**Exercise requirements**. Reproduce only this range: the line holding "Картинка Роза Эль торо" through the last line of the data below, both included, exactly, with no pictures.

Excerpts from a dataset

--- START ---

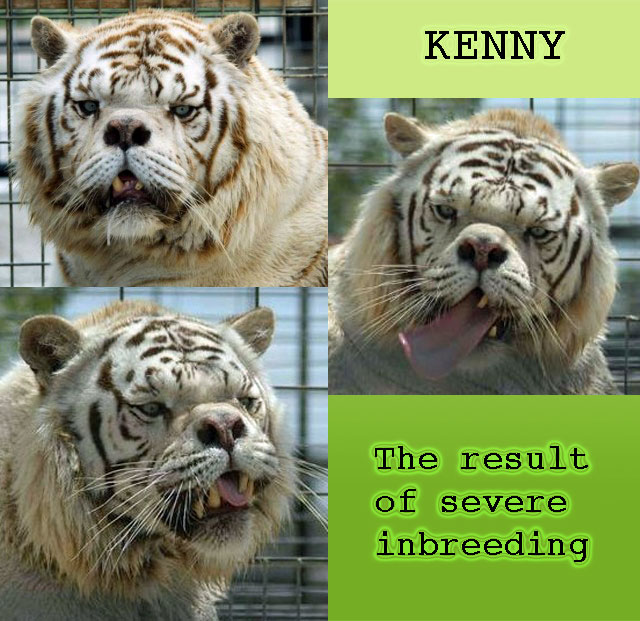 Deformed inbred white tiger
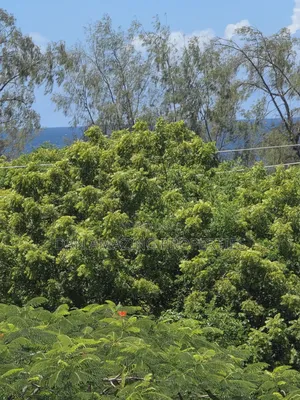 5bdrm Villa in Diani On 1/2 Acre for sale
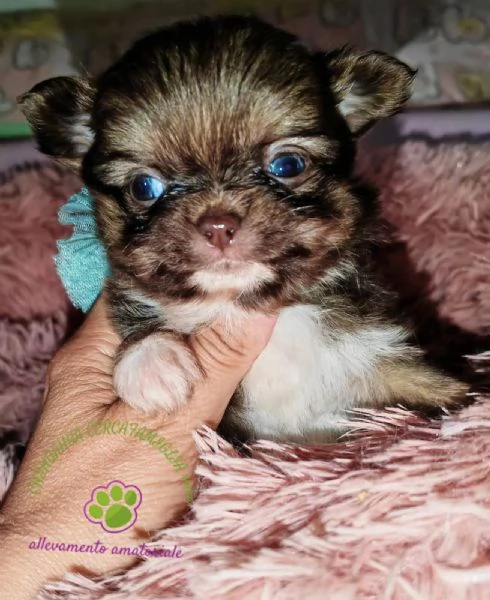 Cucciola chihuahua pelo lungo | Foto 4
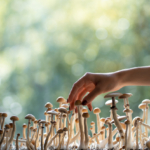 How Long Does It Take for Mushrooms to Kick In?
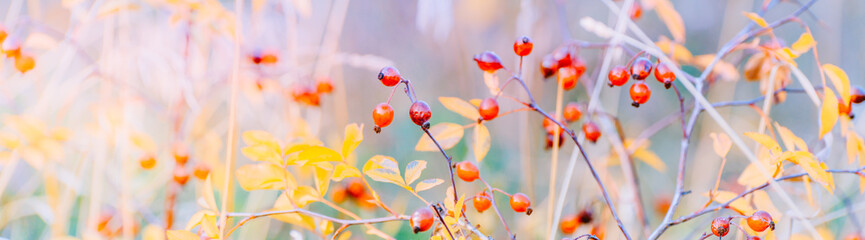 Wall Mural - Beautiful panoramic autumn scenery with colorful leaves, berries and bokeh background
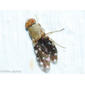 Mosca // Fly (Actocetor indicus)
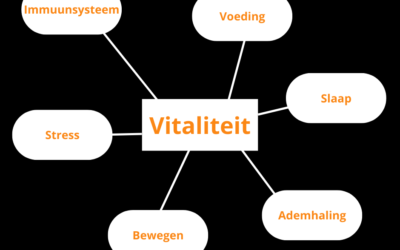 KB reset programma volgens 6 domeinen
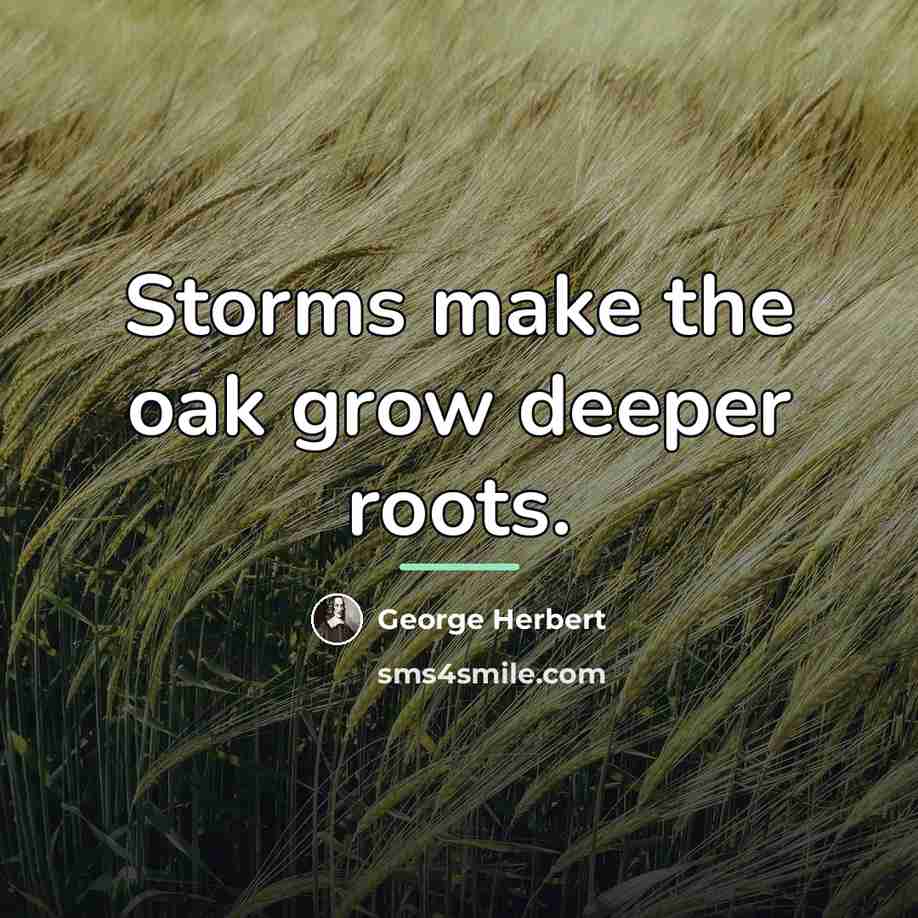 “Storms make the oak grow deeper roots.…” quote by George Herbert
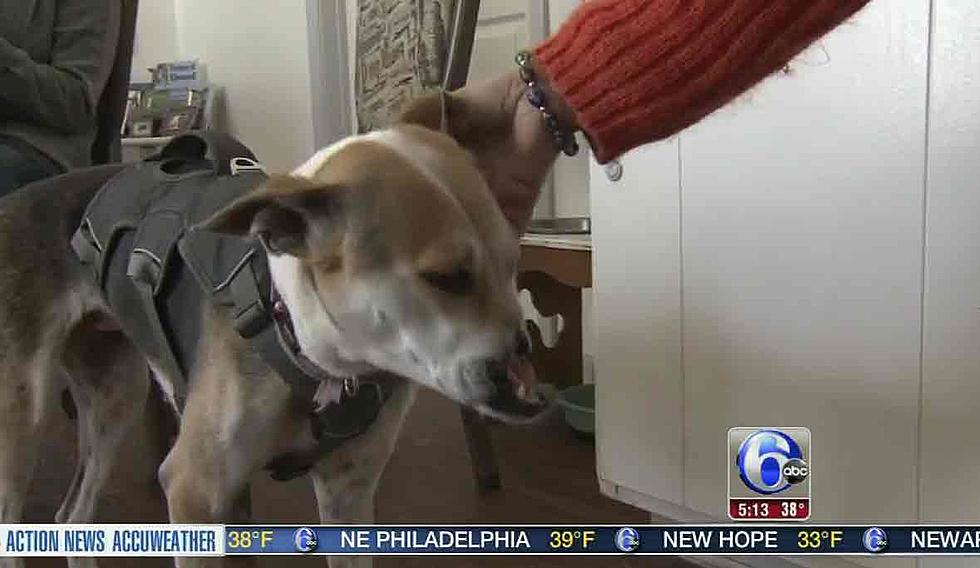 Dog destined for dinner gets new home — and new face — in New Jersey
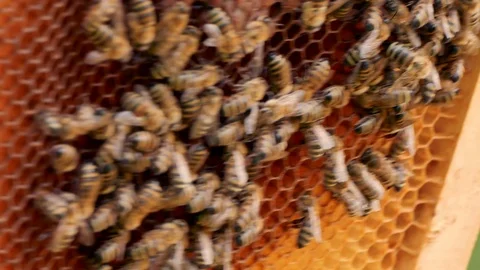 Swarm of bees. Hives in the apiary, frames with honey. Beekeeping concept. 스톡 동영상 108476201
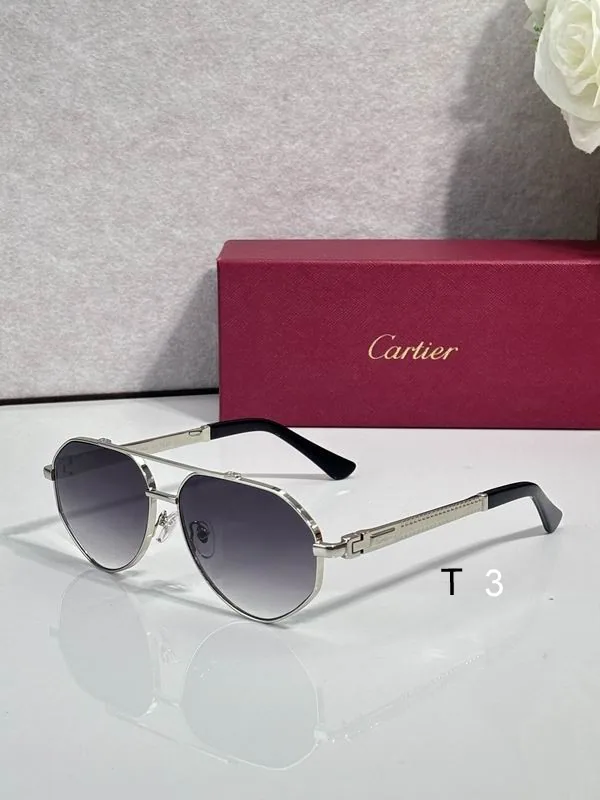 Cartier CT7182S Aviator Sunglasses, catalog view 6, CT7182S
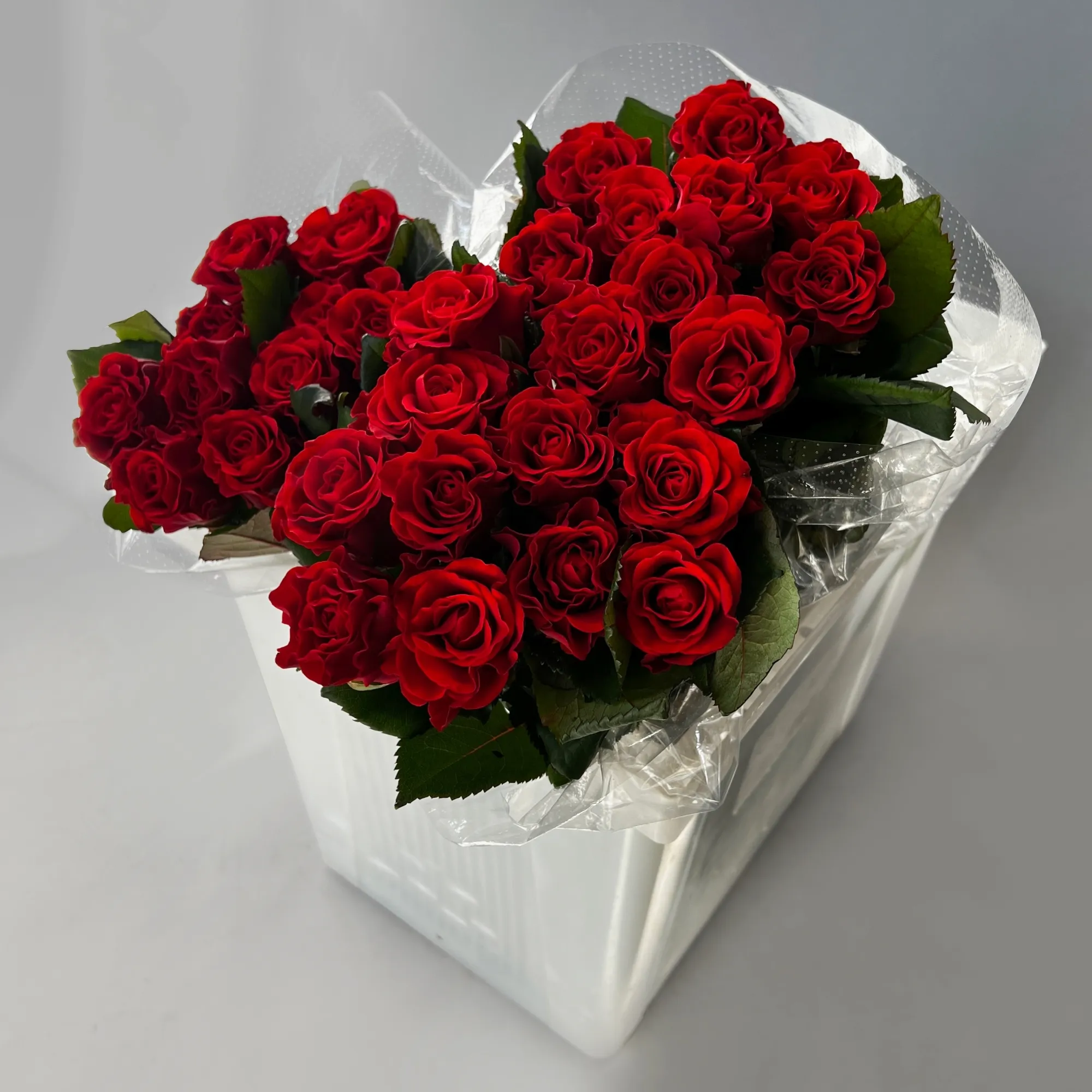 Картинка Роза Эль торо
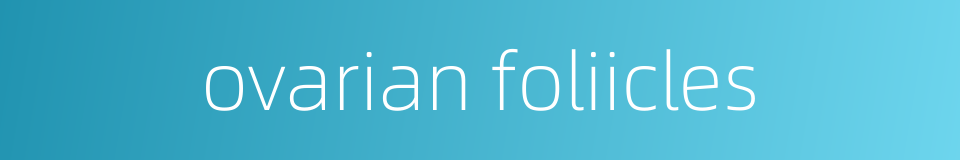 ovarian foliicles的同义词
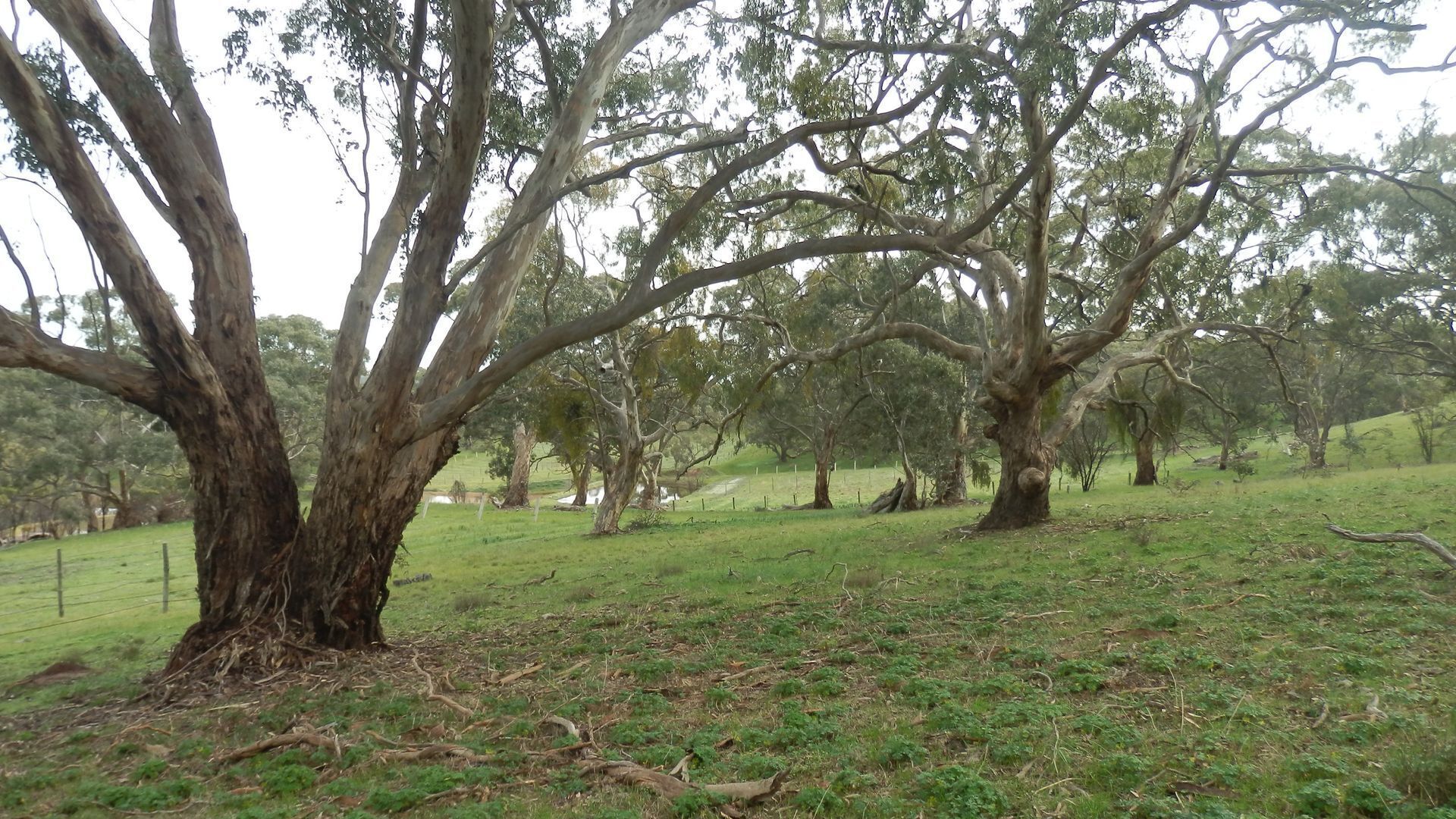 mount charmal cottage. — image 17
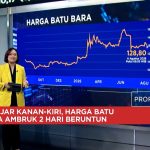 Harga Batu Bara Terjun Bebas Minyak Goyah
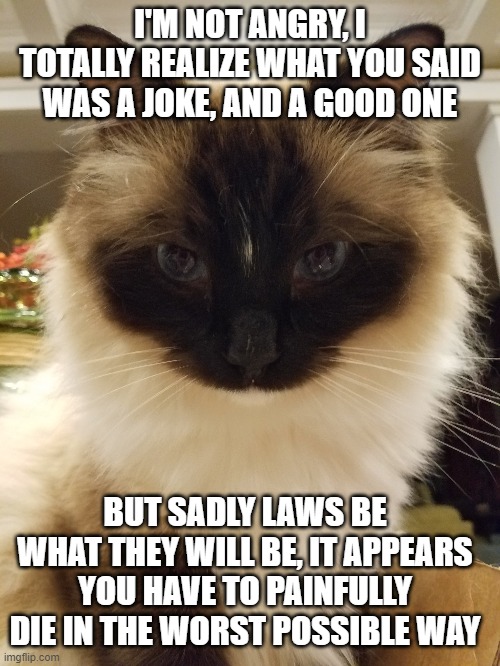 I'M NOT ANGRY, I TOTALLY REALIZE WHAT YOU SAID WAS A JOKE, AND A GOOD ONE; BUT SADLY LAWS BE WHAT THEY WILL BE, IT APPEARS YOU HAVE TO PAINFULLY DIE IN THE WORST POSSIBLE WAY | image tagged in cats,memes,funny | made w/ Imgflip meme maker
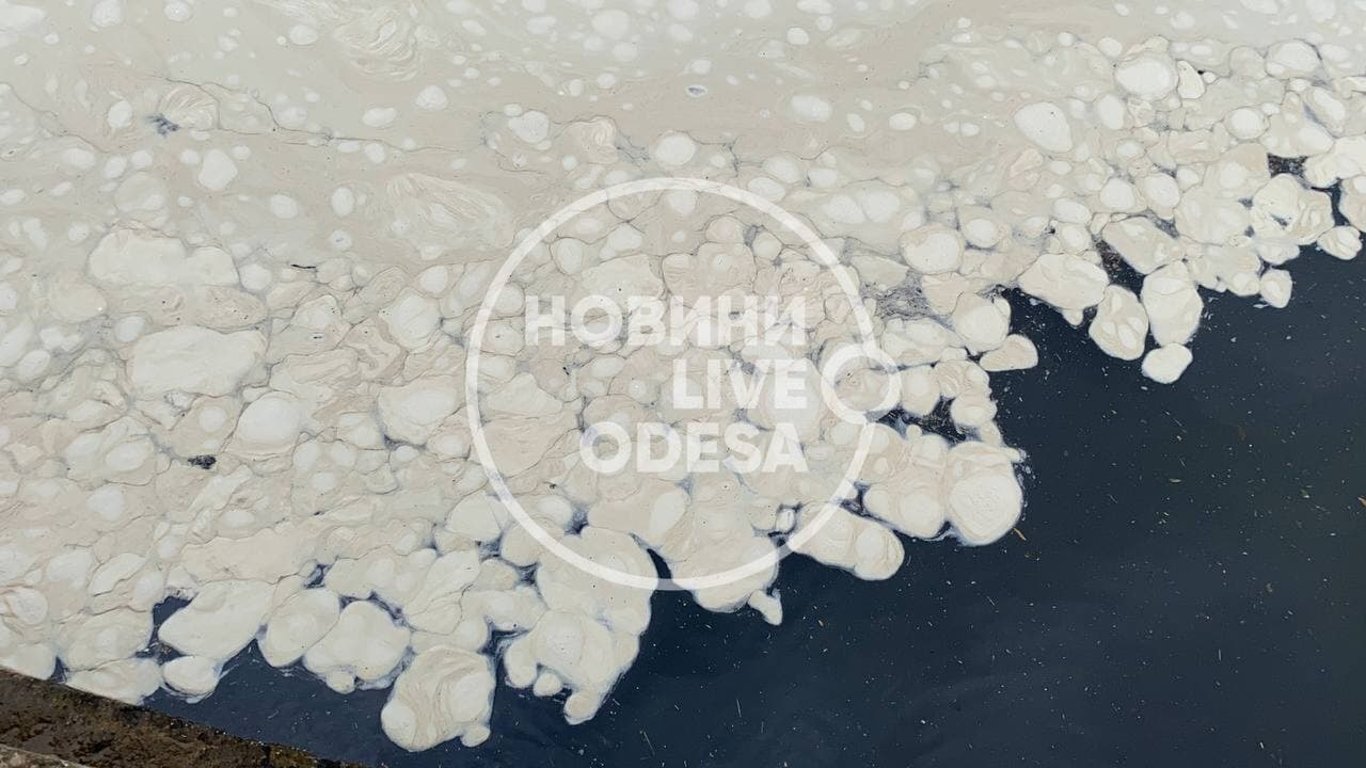 В Аркадии в море белые пятна - одесский эколог назвал причину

--- END ---

**Exercise response**.
 Картинка Роза Эль торо
 ovarian foliicles的同义词
 mount charmal cottage. — image 17
 Harga Batu Bara Terjun Bebas Minyak Goyah
 I'M NOT ANGRY, I TOTALLY REALIZE WHAT YOU SAID WAS A JOKE, AND A GOOD ONE; BUT SADLY LAWS BE WHAT THEY WILL BE, IT APPEARS YOU HAVE TO PAINFULLY DIE IN THE WORST POSSIBLE WAY | image tagged in cats,memes,funny | made w/ Imgflip meme maker
 В Аркадии в море белые пятна - одесский эколог назвал причину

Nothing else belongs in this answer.